Since then, the dinner has metastasized into a bizarre marriage of the worst of the Oscars and Davos. Calls to end the extravaganza have increased over the years. This year, Samantha Bee, for one, is launching an alternative gala, which is being called “Not the White House Correspondents’ Dinner.”
And now Trump himself has said he won’t attend, which is not much of a surprise considering his feud with the press. It would have been pretty hypocritical of all involved if he’d showed up and everyone had made lighthearted jokes about each other.
Back in the Reagan Administration, I attended one White House Correspondent’s dinner. That was so long ago the evening’s entertainment was a comedian that no one had ever heard of, but who killed that night: Jay Leno.
This was also the notorious night that hooked the press corps on celebrity. I’m sure the Baltimore Sun had no idea what it was unleashing when it invited Oliver North’s secretary, Fawn Hall, to sit at their table. But ever since then, media outlets have competed to land the most talked-about guest.
Until the Fawn Hall invitation, the informal rules for the dinner were pretty straightforward.
Media organizations and lobbyists bought expensive tables and invited sources to sit with them. These might be senators and representatives, White House staffers, agency press people – someone who had something to do with governing and who could be helpful to the media in their coverage of the government.
Fawn Hall changed all that because her appearance was so sensational. In 1987, she was Washington’s idea of a celebrity. In addition to being beautiful, she was known through her televised testimony during the Iran-Contra hearings. She wasn’t at the dinner because she was a source, but because she was a famous footnote to the biggest scandal of the 1980s.
All anybody could talk about that night was how the Baltimore Sun had snagged Fawn Hall and wasn’t that such a great idea to get someone who could lend some glamor to the occasion?

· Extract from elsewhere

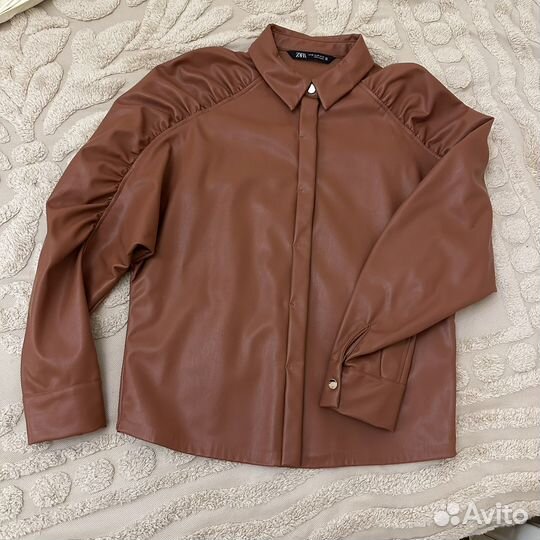 Рубашка zara эко кожа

In the overall scheme of things, Fawn Hall was only a B-minus celebrity, but in the years to come, news organizations tried to one-up themselves with actual celebrities, including movie and TV stars, ranging from George Clooney and Steven Spielberg to Kim Kardashian and Lindsay Lohan.

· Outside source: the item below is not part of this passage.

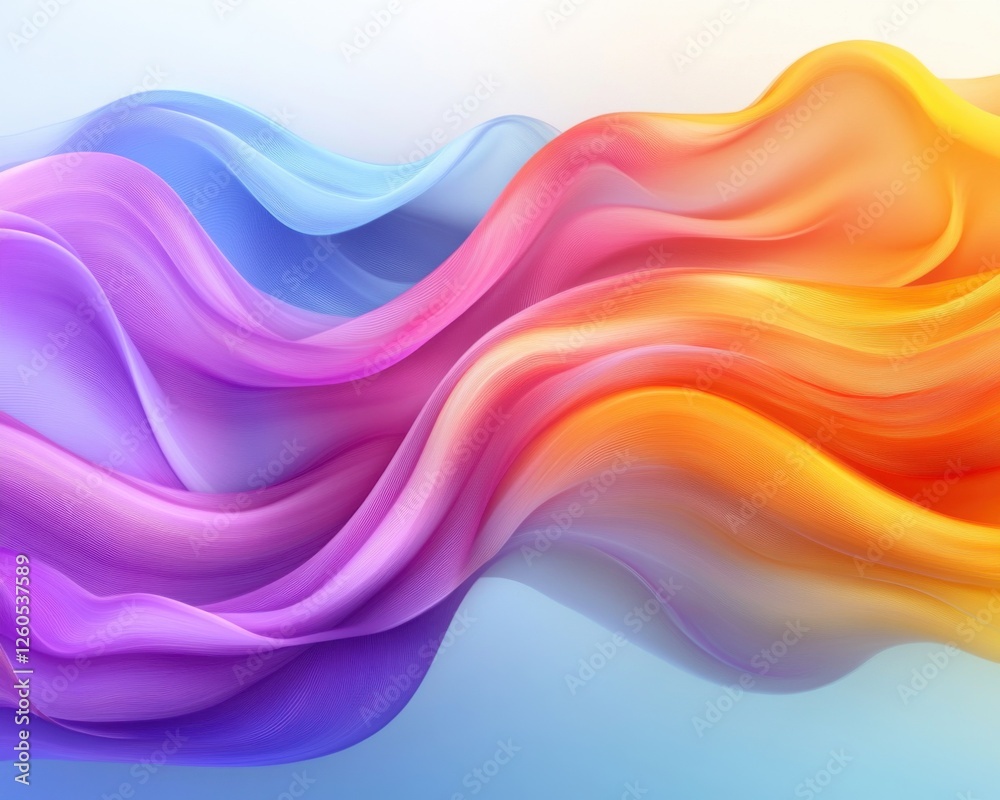 Fototapeta premium Abstract vibrant gradient waves background with vibrant gradient waves and smooth color transitions. Emphasizing artistic flow and dynamic hues, ideal for contemporary designs and vibrant visuals.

Vanity Fair started hosting an after-party and the cable news channels started to broadcast it live.
And now there’s a red-carpet component. The idea that the White House Correspondents Dinner can justify having red-carpet news coverage makes me want to puke.
Something else that revolts me: People have started calling it the “Nerd Prom.” Celebrities think that nerds are smart in addition to being antisocial, so this is a self-deprecating way for them to imply there is a hidden depth underneath all that glamor.
Aside from the red carpet, the main event at the dinner is the entertainment, in which, traditionally, the President makes self-deprecating jokes and the emcee, usually a comedian, makes snarky jokes about the President (if he’s a Republican) or snarky jokes about the President’s critics (if he’s a Democrat.)
President Obama was born for these events, and his performances at the dinner were rapturously received. Obama is smart, witty and tied in with the cultural zeitgeist — so his speeches and one-liners were snappier and funnier than the monologues of any late-night hosts.
Last year, for example, Keegan-Michael Key for Comedy Central’s “Key and Peele” appeared as Luther, Obama’s anger translator, and “translated” Obama’s moderate comments into angry rants. This of-the-moment humor, combined with the deft flattery of the White House press corps, made Obama the undisputed star in a room full of Hollywood A-list actors.
No chance that President Trump could hope to match Obama’s performance. He has no sense of humor, much less a self-deprecating one — and the audience is unlikely to fall to their feet in supplication as they did to Obama.
Of course, if Trump had wanted to play the inside Washington game, he could have hired the best speechwriters and jokesmiths and shocked the world by offering an olive branch. Nancy Reagan did exactly that when she performed a skit at the Gridiron Dinner singing “Second Hand Clothes,” which mocked her image as a clothes horse and White House China addict. By making fun of herself in front of the press, she transformed from Marie Antoinette-like to a beloved Washington insider.
Trump won’t play Nancy Reagan’s game. He’s getting too much mileage out of his press feud, so becoming their darling, no matter how temporarily, is not in his interest.
And that’s fine with me. If the President is not at the dinner, it becomes exposed for what it is: not a nerd prom, but a regular prom where the most popular and most beautiful people swagger and celebrate themselves.
The White House press corps already think they’re pretty special. They don’t need a night to emphasize it.